Has anyone dealt with https://www.brothersvapingloungemp.co.za/ before? And can you vouch


----------



## Chanelr (25/4/19)

Have not heard of them.
But I am not sure, if you can't create your own log in details how secure it is.

Reactions: Agree 1


----------



## CMMACKEM (25/4/19)

Cornelius said:


> Good day
> 
> Has anyone dealt with https://www.brothersvapingloungemp.co.za/ before? And can you vouch



Why do you want to buy from them?

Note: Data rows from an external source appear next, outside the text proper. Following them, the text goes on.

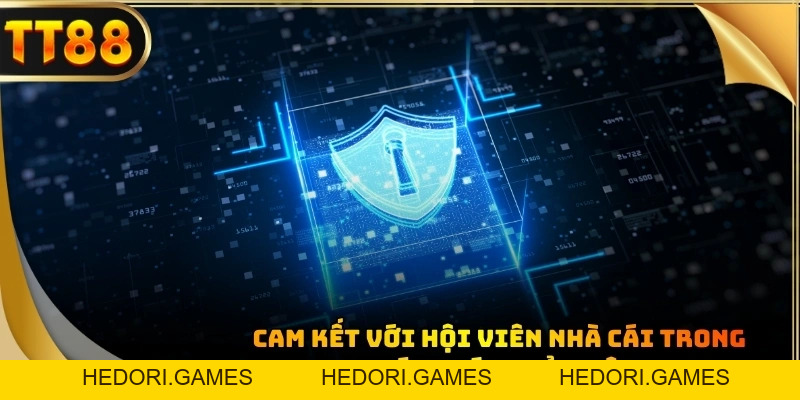 Chính Sách Bảo Mật: Hệ Thống Bảo Vệ An Toàn Top 1 Châu Á - HEDORI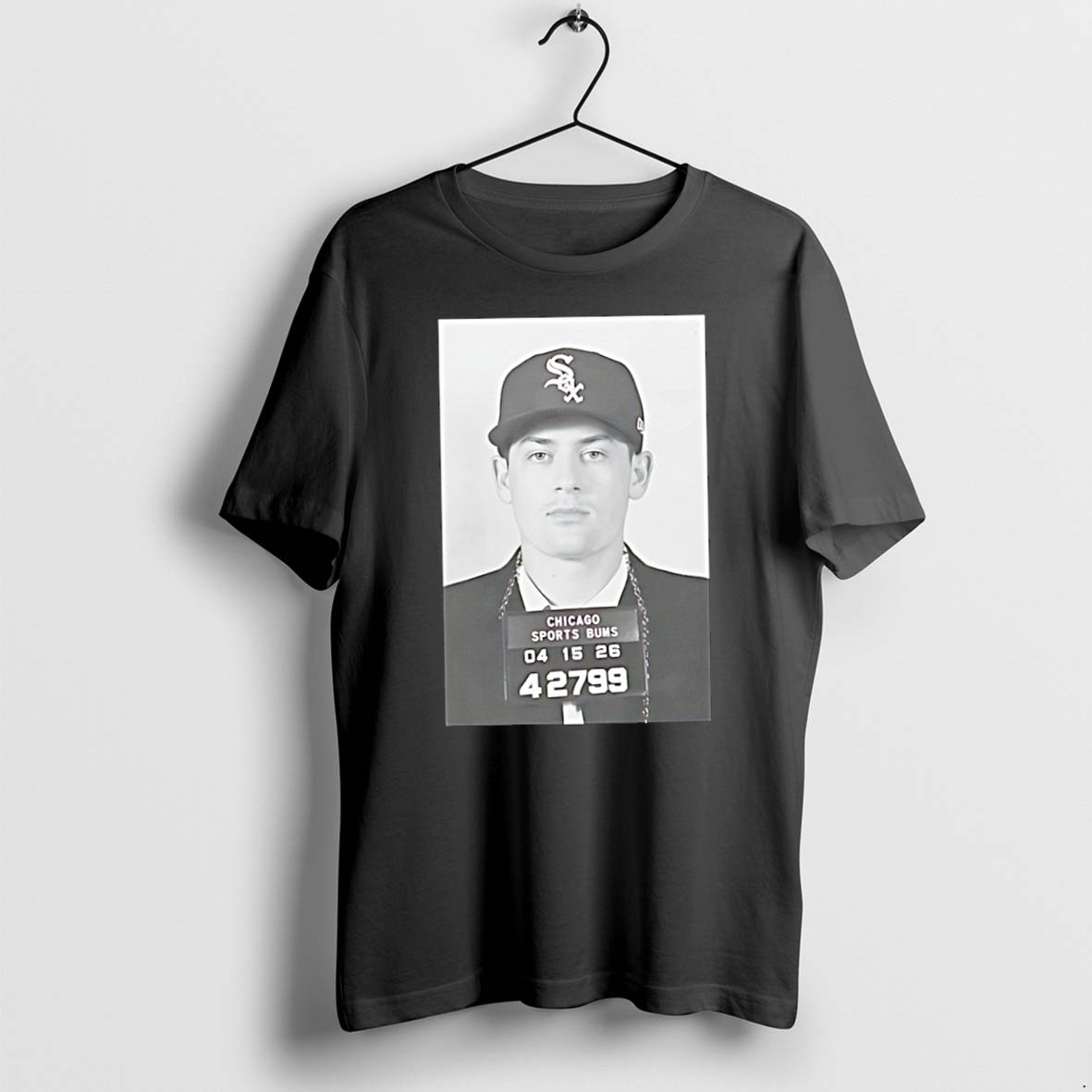 Original Forza Antonacci Chicago Sports Bums 04 15 26 42799 Tshirts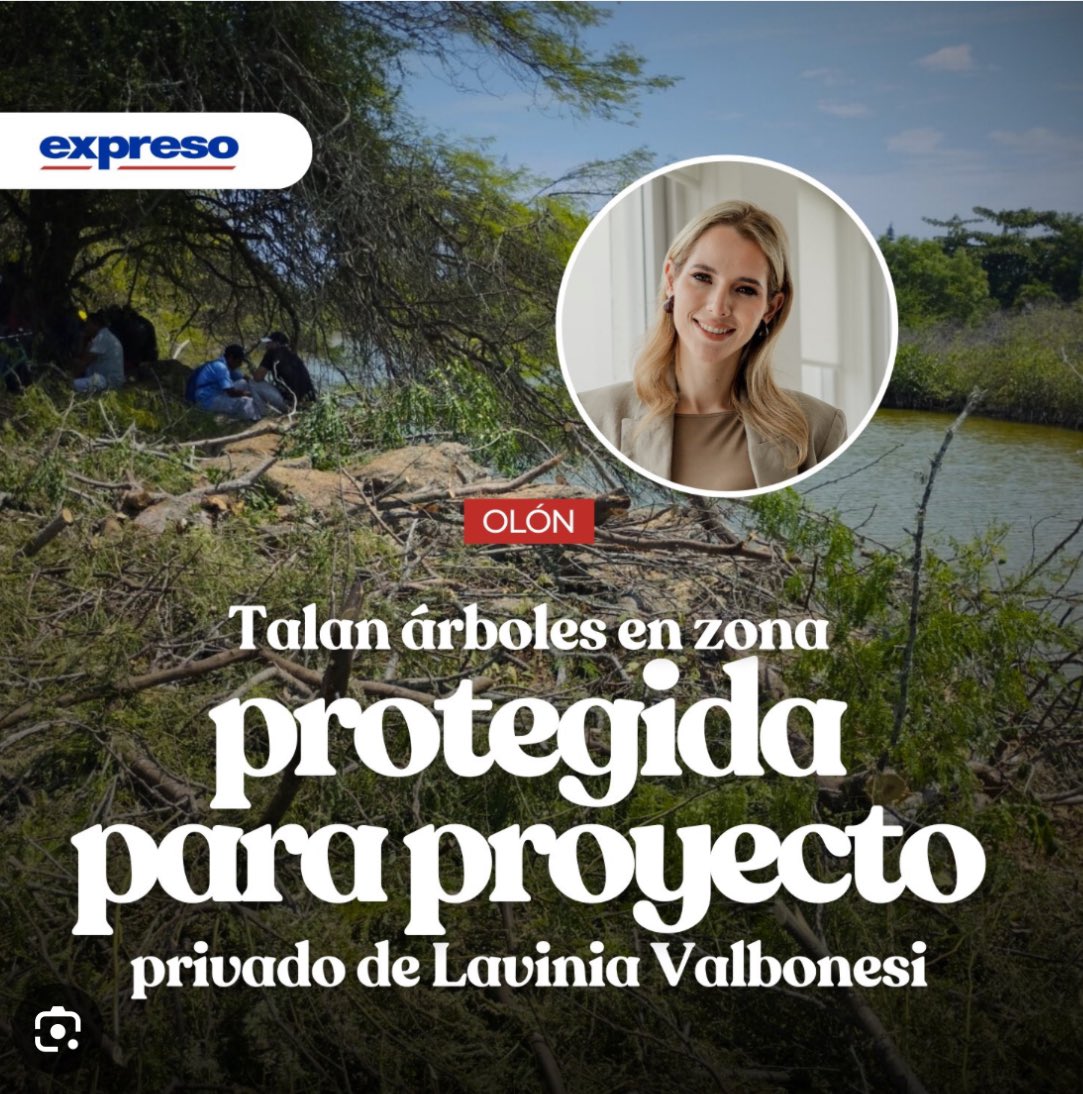 Jelizackie's tweet photo. “Ni mi esposo ni su familia se están lucrando de un puesto público"

Lavinia lucrándose del puesto público del esposo: https://t.co/evyHqUnFLe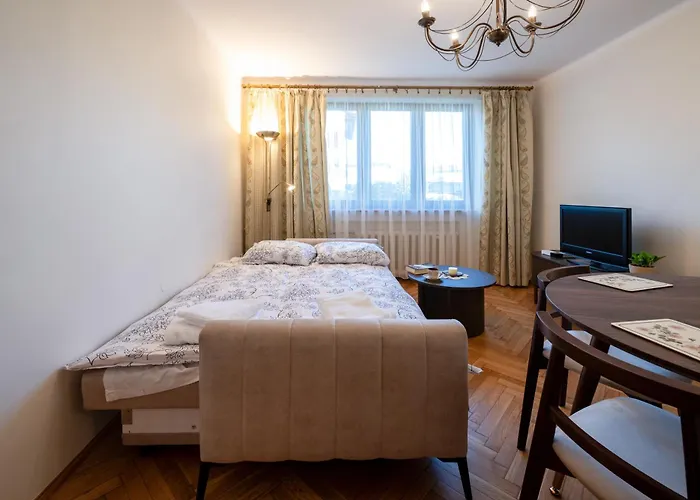 Kora דירה Konczyce Male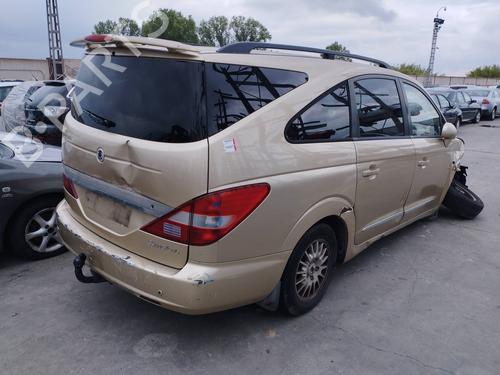 Engine control unit (ECU) SSANGYONG RODIUS I 2.7 Xdi | BP34581917M57  - Image 6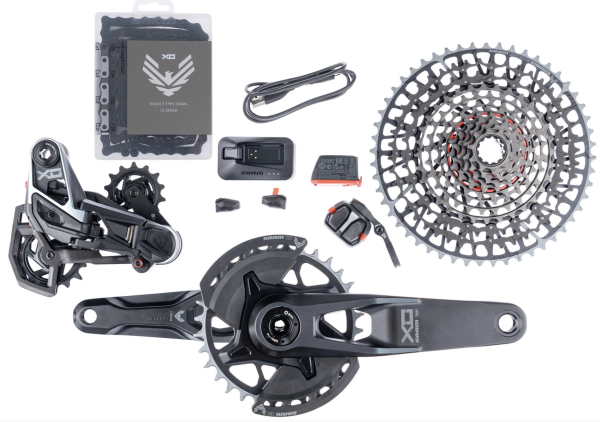 SRAM X0 12 speed upgrade kit X0 Eagle AXS"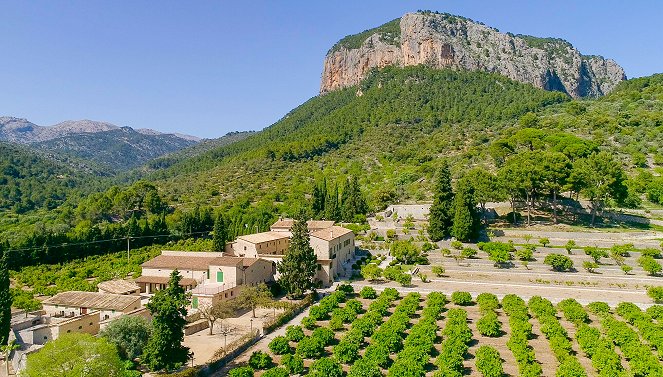 Traumgärten auf Mallorca - Auf Entdeckungsreise mit Biogärtner Karl Ploberger - Filmfotos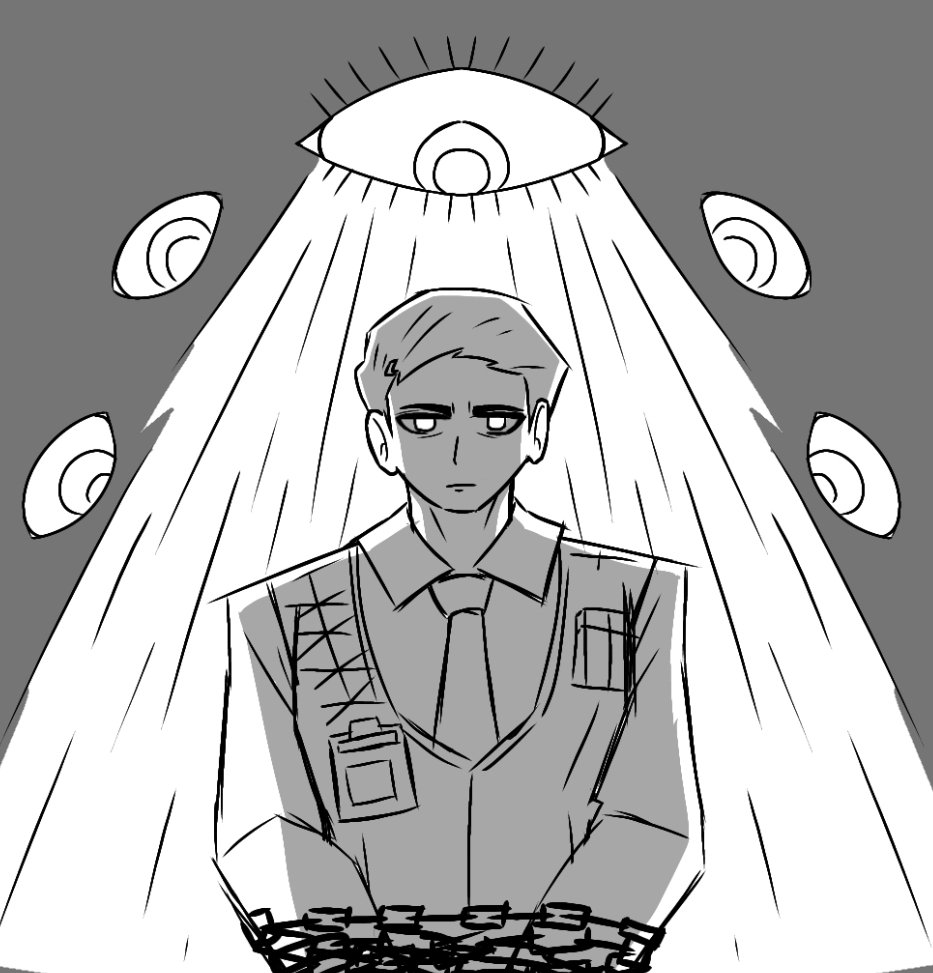 DiabolicalDull's tweet photo. Its only part 1, why it took so LONG to finish #LimbusCompany https://t.co/ZR024Q3hf3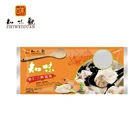 ZHIWEIGUAN food wonton dumpling soup Chinese snacks shanghai wonton frozen wonton shelled shrimp dumpling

For me personally, if they are not on here then they cannot be held accountable for poor service or counterfeit goods.

Facebook and Instagram complaints can be removed.

Reactions: Like 1 | Agree 1


----------



## oSuSkIo (25/4/19)

Well I have bought from them a lot, they are my closest vape store somewhat, they have really good service and the owner is willing to make a compromise when something goes wrong, A kodama lustro of my brother had a constant fire and depleted 2 fresh batteries in under 18 seconds and they swapped the device for him, and the dwarv's they sell are authentic because as far as I know @Zeki Hilmi provided them with stock (but I might be speaking under correction in this matter), I bought my 2nd DL from them and had a really pleasant experience.

Reactions: Like 4 | Winner 1 | Informative 2


----------



## Zeki Hilmi (25/4/19)

Hi there,
Brothers Vaping Lounge is an approved vendor for the Dvarw's. We supply the Dvarw's to them.

Reactions: Like 4 | Winner 3


----------



## Cornelius (25/4/19)

Thanks guys. I bought from them today, just awaiting delivery. 

I bought from them because they are the only shop in SA with stock of what I want.

Reactions: Like 3


----------